Francis first came to prominence after his tour of Africa in 1947 with the Indian team led by Dhyan Chand. Francis served as a substitute goalkeeper for Leo Pinto in his maiden Olympic appearance, in 1948, when India beat Great Britain 4–0 in the final to clinch gold. He was also part of the Indian team which secured gold medal in the final against the Netherlands where India registered a comfortable 6–1 win during the 1952 Summer Olympics. Francis served as a second goalkeeper besides Shankar Laxman at the 1956 Summer Olympics where India claimed gold defeating neighbours arch-rivals Pakistan 1–0 in the final. Francis was part of the Indian squad that toured Malaya and Singapore in 1954.

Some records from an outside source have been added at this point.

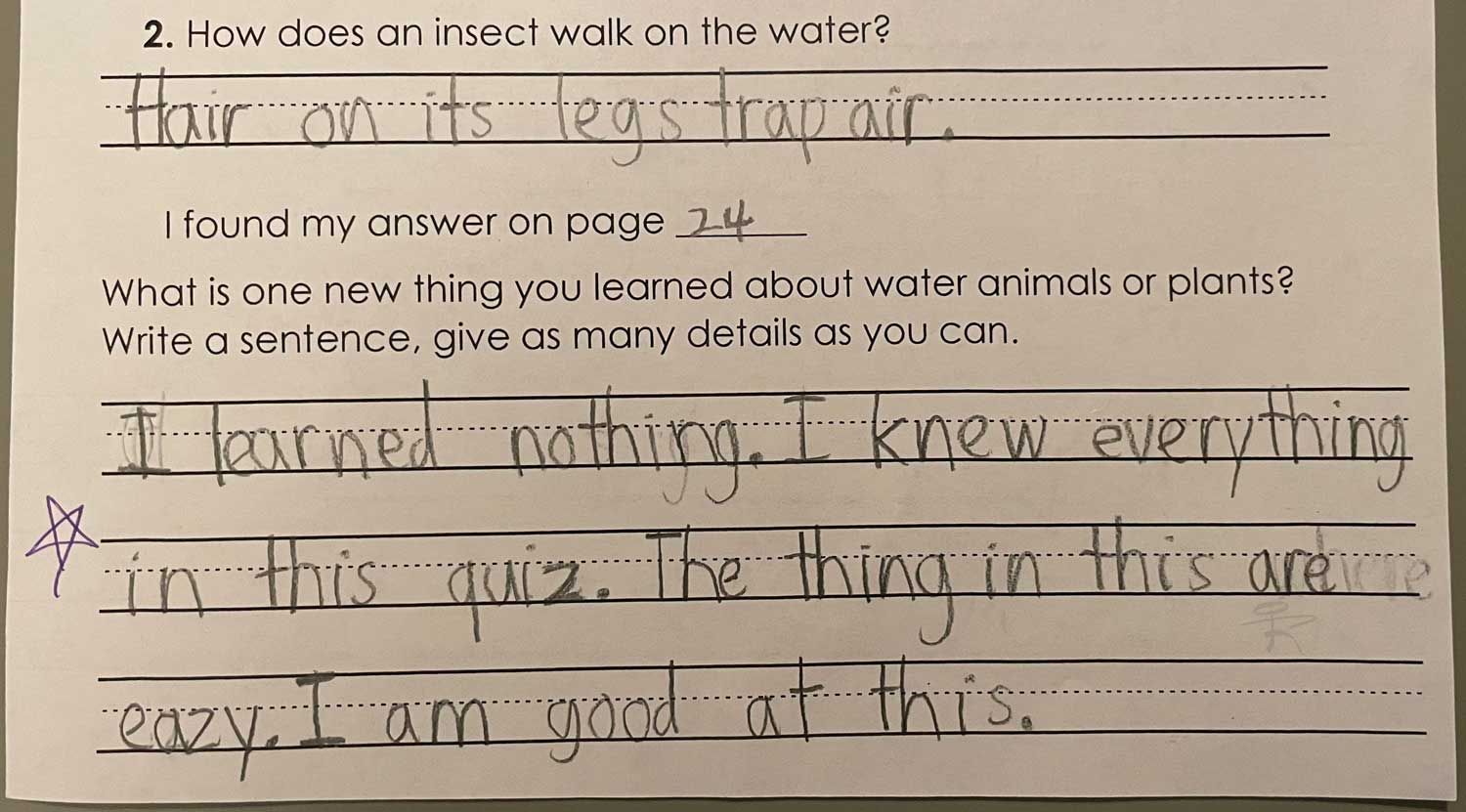 Apparantly my daughter is good at science.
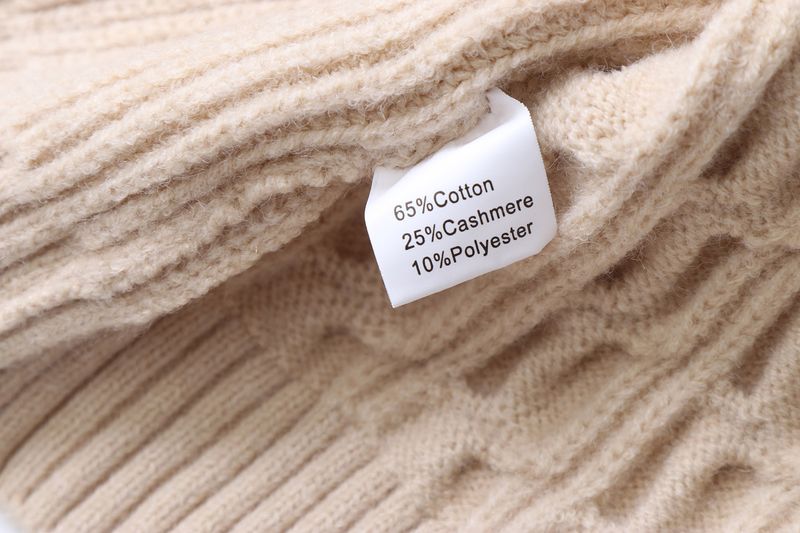 Suéter de cuello alto de lana de cordero para madres e hijos: jersey de punto grueso para niños grandes (8 años o más), ropa de invierno suave y cálida (varios colores y tallas)_voghion.com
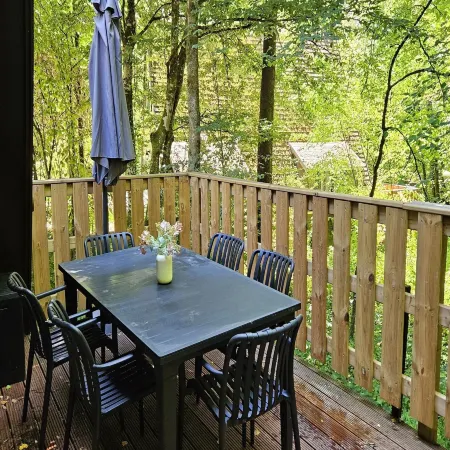 Fenced Country Chalet in Durbuy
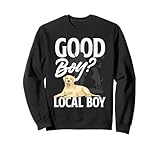 Lustiger lokaler Junge Labrador Hund Ente Jagd Sweatshirt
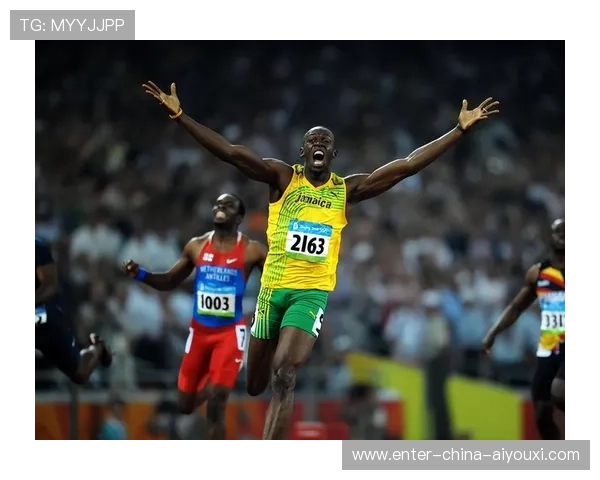 田径博尔特百米冲刺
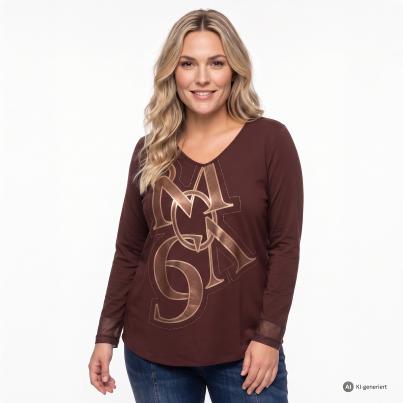 sophistical Women Shirt dunkelbraun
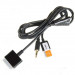 USB (30-pin dock) кабел 3в1 за iPod и iPhone (зарежда, синхронизира и аудио кабел 3.5 мм) (черен) 1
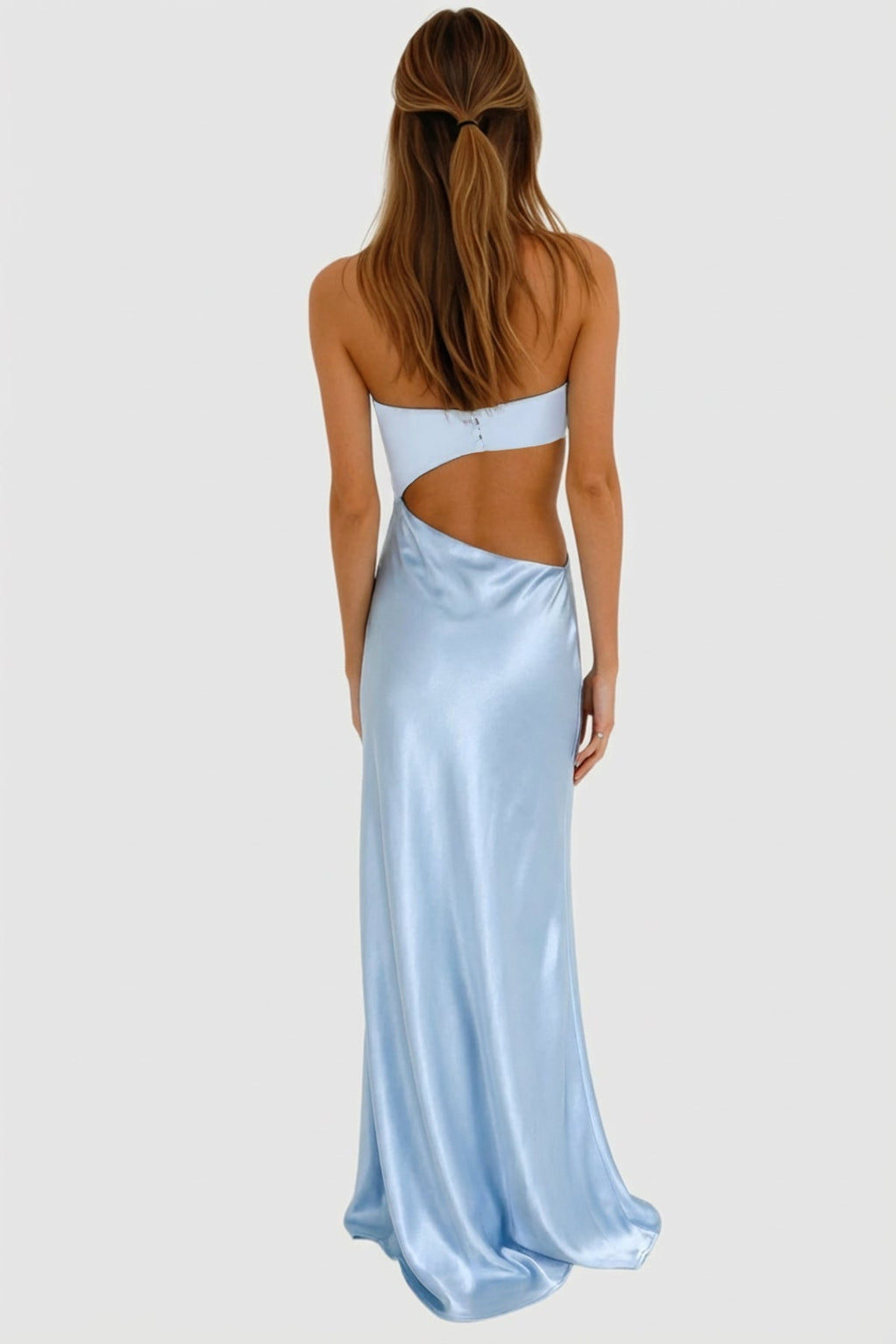Darek Cutout Asymmetric Maxi Dress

Francis also went on to equal the record of Richard Allen for being the only Indian goalkeepers among the seven players to have won three Olympic gold medals. He also became only the second Indian hockey goalkeeper after Allen to feature in three Olympic Games. Francis also served as a policeman in Madras Police division and retired from the police service in 1968.

== Legacy ==
He was referred to as Singam by many on the play field during his peak career. He was also nicknamed as 'Titan between the Posts' as he was regarded as a very good technician during his playing days who came way out of his gate when the Indian team attacked and acted as a defender.

Tamil Nadu also started conducting Inspector Francis Memorial Hockey Tournament among schools, a tournament named after the veteran Ranganathan Francis.

In April 2019, musical sports drama film Natpe Thunai was released which was partially based on the true life story of Ranganathan Francis. However, he was referred to as Aranganathan in the film.

In October 2020, it was revealed that Chennai Hockey Association passed a resolution to rename the Mayor Radhakrishnan Stadium which is situated in Egmore as Olympian Francis Hockey Stadium in honour of late Ranganathan Francis.